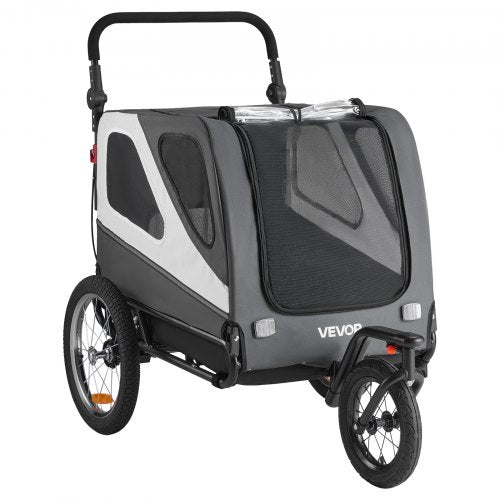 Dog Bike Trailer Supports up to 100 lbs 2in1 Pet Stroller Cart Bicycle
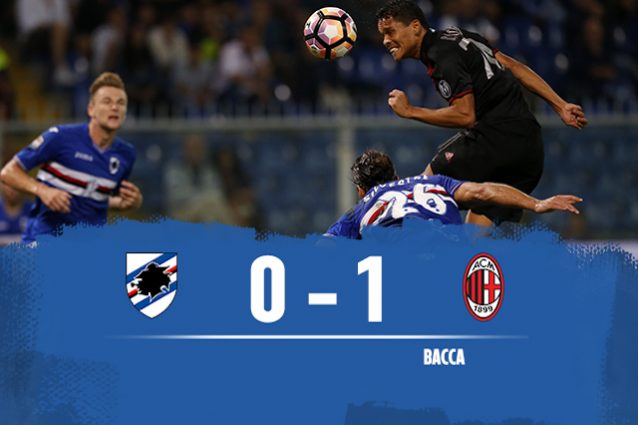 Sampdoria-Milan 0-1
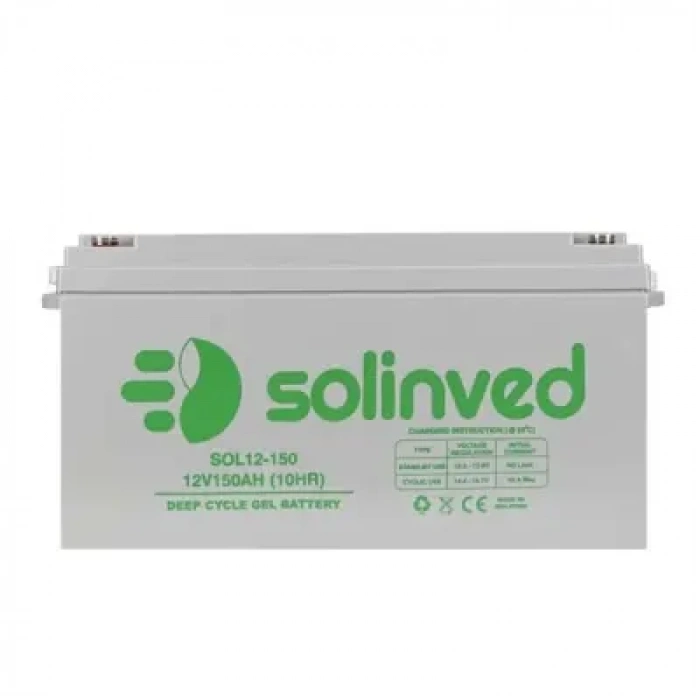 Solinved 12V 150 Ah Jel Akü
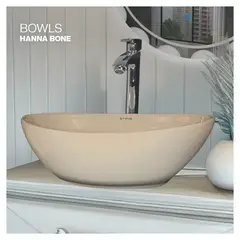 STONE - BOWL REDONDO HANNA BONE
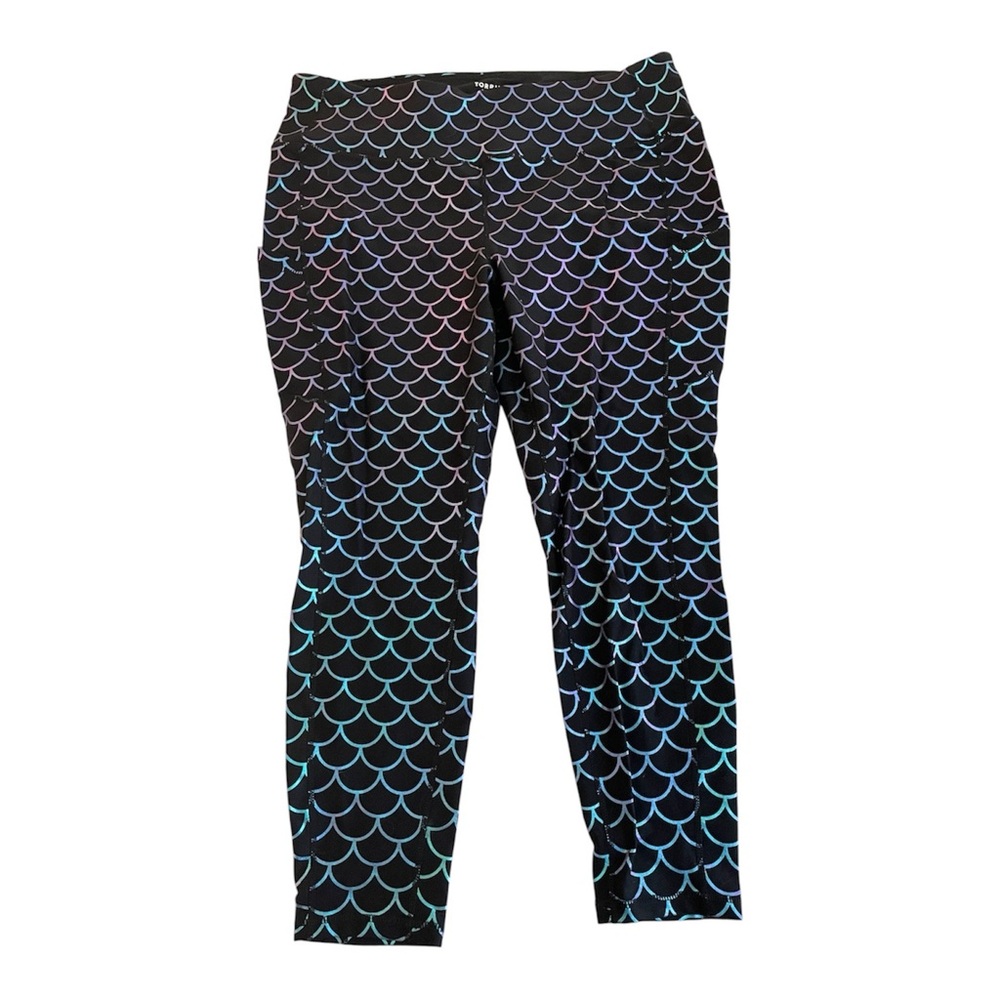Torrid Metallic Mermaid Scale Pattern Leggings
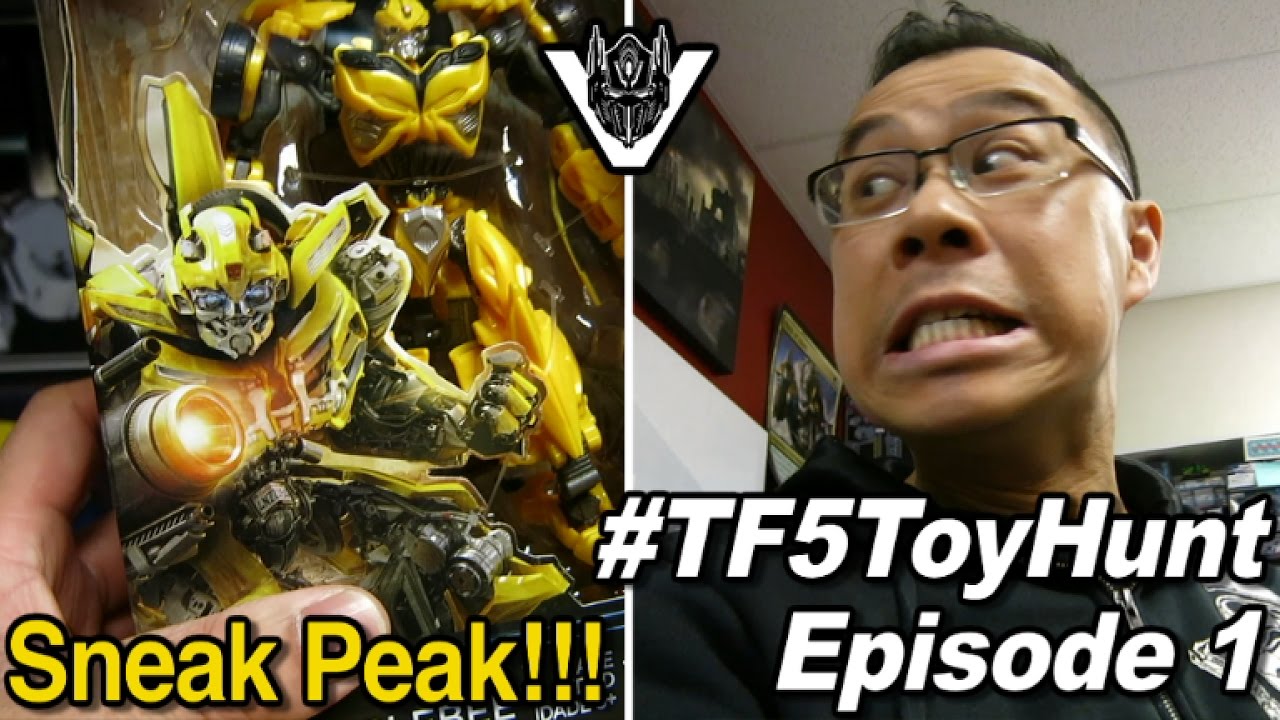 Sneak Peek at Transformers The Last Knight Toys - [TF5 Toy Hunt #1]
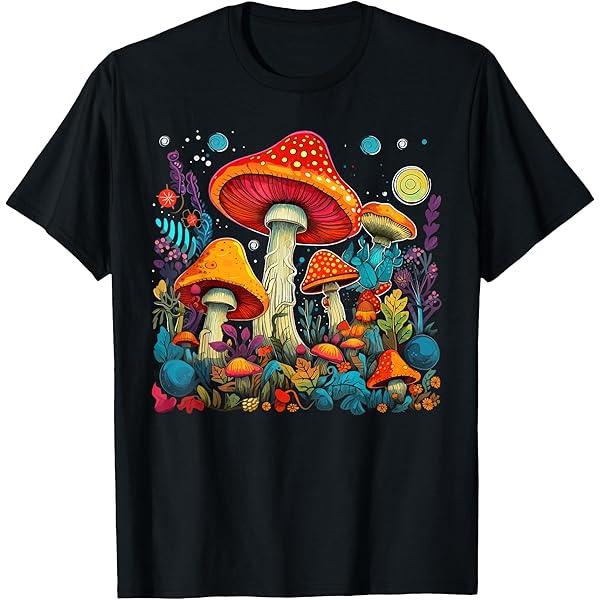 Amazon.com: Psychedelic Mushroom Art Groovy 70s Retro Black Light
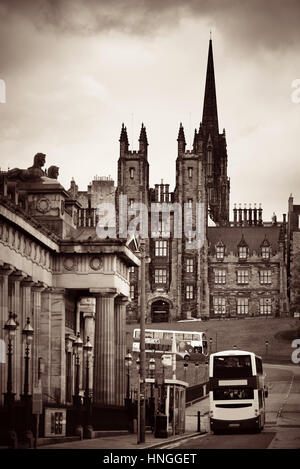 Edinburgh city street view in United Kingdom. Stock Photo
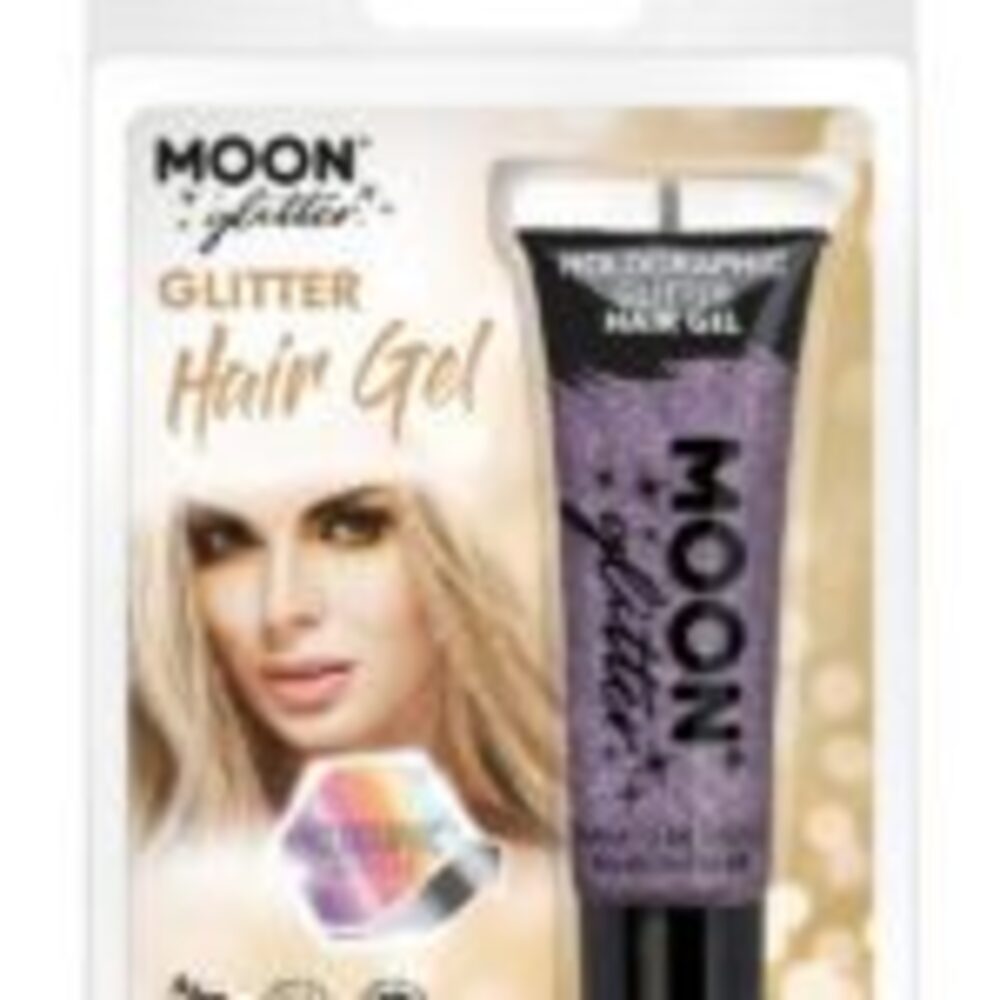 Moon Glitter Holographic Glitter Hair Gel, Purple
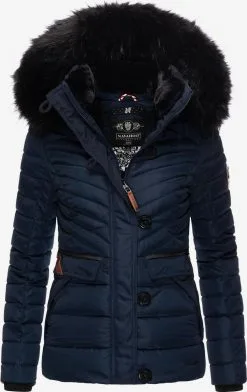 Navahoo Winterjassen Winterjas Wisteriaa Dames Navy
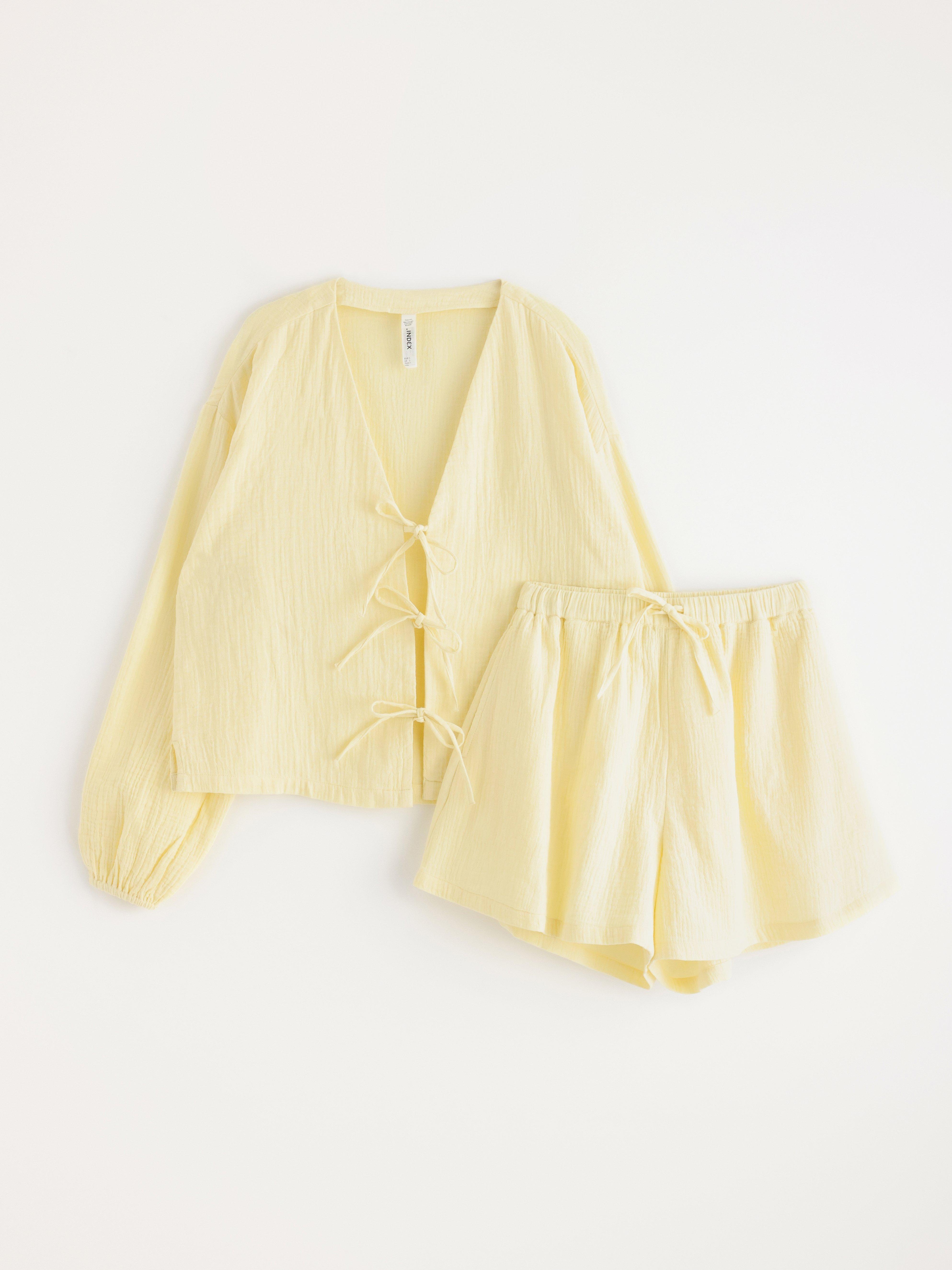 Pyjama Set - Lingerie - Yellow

Aim of the task: Word for word, reproduce each line from the one with "STONE - BOWL REDONDO HANNA BONE" through the last line of the material above, both included, and drop the pictures.

Solution to the exercise:
 STONE - BOWL REDONDO HANNA BONE
Torrid Metallic Mermaid Scale Pattern Leggings
 Sneak Peek at Transformers The Last Knight Toys - [TF5 Toy Hunt #1]
 Amazon.com: Psychedelic Mushroom Art Groovy 70s Retro Black Light
 Edinburgh city street view in United Kingdom. Stock Photo
 Moon Glitter Holographic Glitter Hair Gel, Purple
 Navahoo Winterjassen Winterjas Wisteriaa Dames Navy
 Pyjama Set - Lingerie - Yellow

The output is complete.